== PROVIDED INFORMATION ==

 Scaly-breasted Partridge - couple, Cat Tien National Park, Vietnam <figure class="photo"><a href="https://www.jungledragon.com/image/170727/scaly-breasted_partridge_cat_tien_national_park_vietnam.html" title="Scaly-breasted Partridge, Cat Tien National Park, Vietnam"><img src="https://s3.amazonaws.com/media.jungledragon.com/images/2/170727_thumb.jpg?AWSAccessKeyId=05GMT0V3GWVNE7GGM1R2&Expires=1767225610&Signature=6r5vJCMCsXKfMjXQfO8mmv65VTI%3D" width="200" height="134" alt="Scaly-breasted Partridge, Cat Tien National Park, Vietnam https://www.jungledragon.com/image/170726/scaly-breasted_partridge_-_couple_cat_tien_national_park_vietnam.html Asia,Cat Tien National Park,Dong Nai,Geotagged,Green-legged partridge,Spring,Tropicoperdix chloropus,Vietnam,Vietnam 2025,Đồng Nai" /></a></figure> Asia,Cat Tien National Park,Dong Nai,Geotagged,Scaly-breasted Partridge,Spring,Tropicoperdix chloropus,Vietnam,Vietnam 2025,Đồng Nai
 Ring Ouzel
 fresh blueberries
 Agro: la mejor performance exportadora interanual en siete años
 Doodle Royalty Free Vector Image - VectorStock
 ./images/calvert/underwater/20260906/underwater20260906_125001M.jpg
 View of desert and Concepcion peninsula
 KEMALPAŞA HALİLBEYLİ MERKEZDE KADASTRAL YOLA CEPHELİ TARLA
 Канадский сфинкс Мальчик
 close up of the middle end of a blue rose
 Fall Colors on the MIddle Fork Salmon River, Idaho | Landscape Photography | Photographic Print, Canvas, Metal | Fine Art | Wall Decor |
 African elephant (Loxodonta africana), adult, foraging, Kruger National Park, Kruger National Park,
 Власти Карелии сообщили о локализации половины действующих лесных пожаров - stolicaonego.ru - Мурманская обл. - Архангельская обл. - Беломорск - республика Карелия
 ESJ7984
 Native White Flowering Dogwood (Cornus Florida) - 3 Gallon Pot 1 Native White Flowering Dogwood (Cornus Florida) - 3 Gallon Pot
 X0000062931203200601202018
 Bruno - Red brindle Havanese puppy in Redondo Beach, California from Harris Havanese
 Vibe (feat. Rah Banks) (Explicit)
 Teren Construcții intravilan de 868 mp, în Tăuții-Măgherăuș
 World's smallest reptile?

===

YOUR TASK —
Taking the entries from their first line through the line with "Doodle Royalty Free", inclusive, restate each line word for word and give nothing else.

OUTPUT FOR THIS TASK —
 Scaly-breasted Partridge - couple, Cat Tien National Park, Vietnam <figure class="photo"><a href="https://www.jungledragon.com/image/170727/scaly-breasted_partridge_cat_tien_national_park_vietnam.html" title="Scaly-breasted Partridge, Cat Tien National Park, Vietnam"><img src="https://s3.amazonaws.com/media.jungledragon.com/images/2/170727_thumb.jpg?AWSAccessKeyId=05GMT0V3GWVNE7GGM1R2&Expires=1767225610&Signature=6r5vJCMCsXKfMjXQfO8mmv65VTI%3D" width="200" height="134" alt="Scaly-breasted Partridge, Cat Tien National Park, Vietnam https://www.jungledragon.com/image/170726/scaly-breasted_partridge_-_couple_cat_tien_national_park_vietnam.html Asia,Cat Tien National Park,Dong Nai,Geotagged,Green-legged partridge,Spring,Tropicoperdix chloropus,Vietnam,Vietnam 2025,Đồng Nai" /></a></figure> Asia,Cat Tien National Park,Dong Nai,Geotagged,Scaly-breasted Partridge,Spring,Tropicoperdix chloropus,Vietnam,Vietnam 2025,Đồng Nai
 Ring Ouzel
 fresh blueberries
 Agro: la mejor performance exportadora interanual en siete años
 Doodle Royalty Free Vector Image - VectorStock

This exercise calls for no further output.